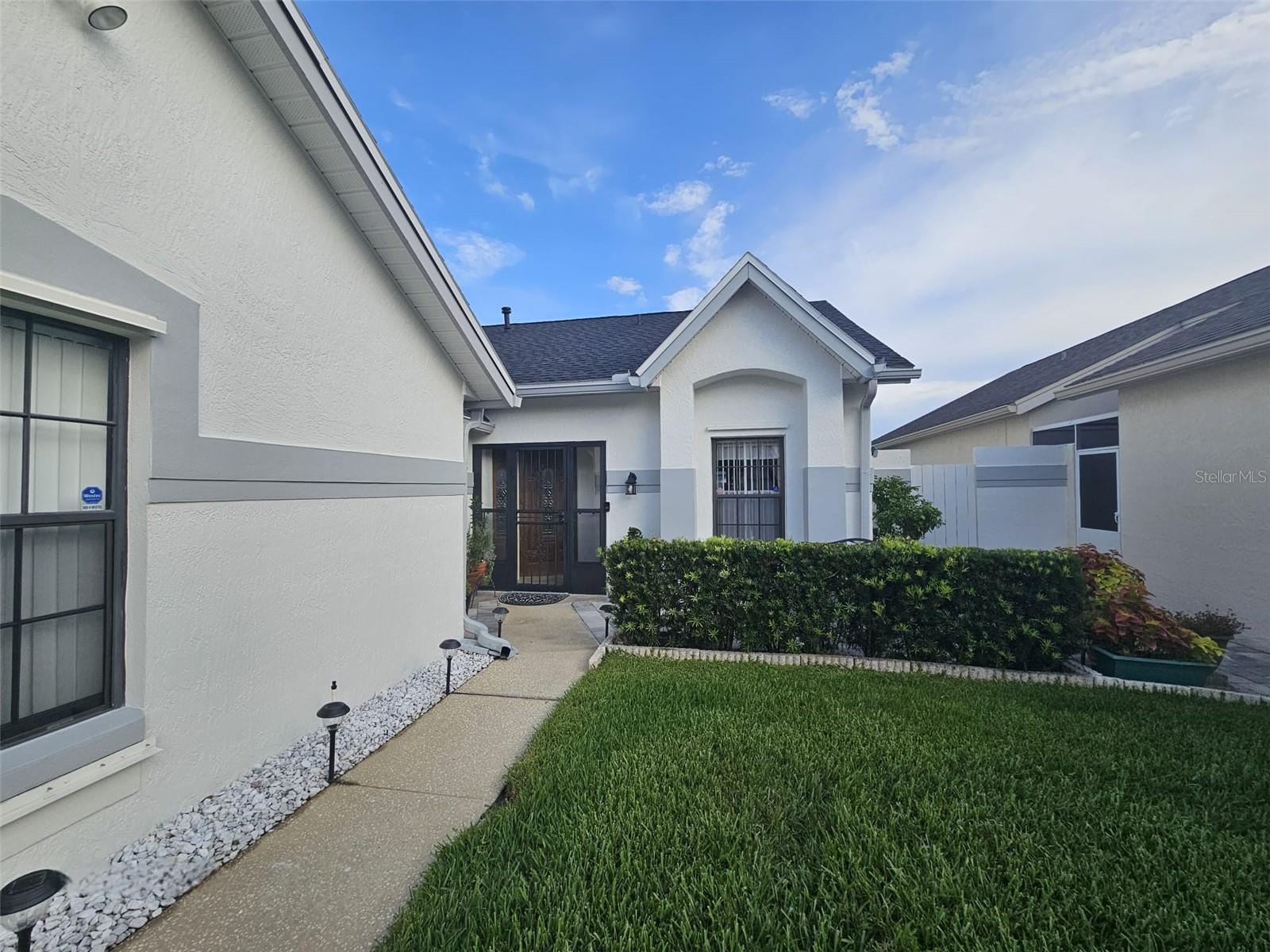 5661 PARKVIEW LAKE DRIVE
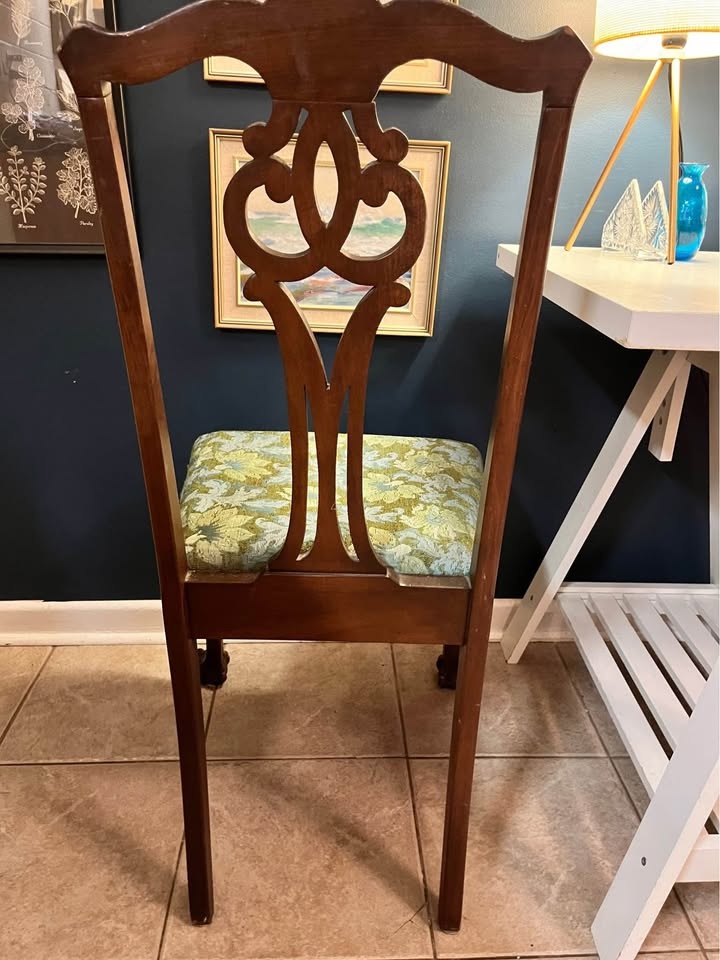 2 Wooden “old timey” Chairs - photo 5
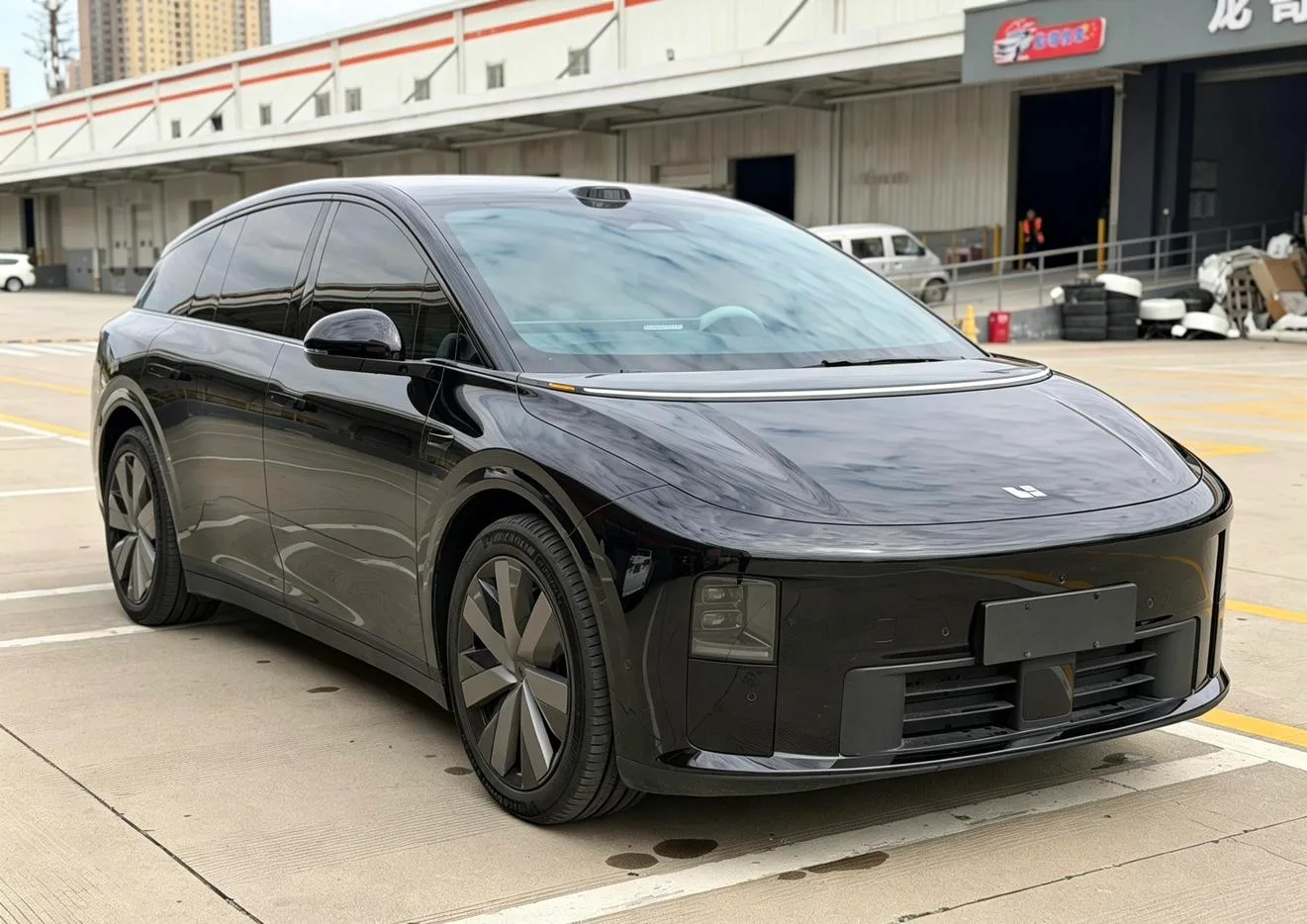 Li Auto ideal i6, 2025 — фото 3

####

__EXERCISE INSTRUCTIONS__. Would it be possible to copy the material exactly, excluding the images?

__FINISHED EXERCISE__.
 5661 PARKVIEW LAKE DRIVE
 2 Wooden “old timey” Chairs - photo 5
 Li Auto ideal i6, 2025 — фото 3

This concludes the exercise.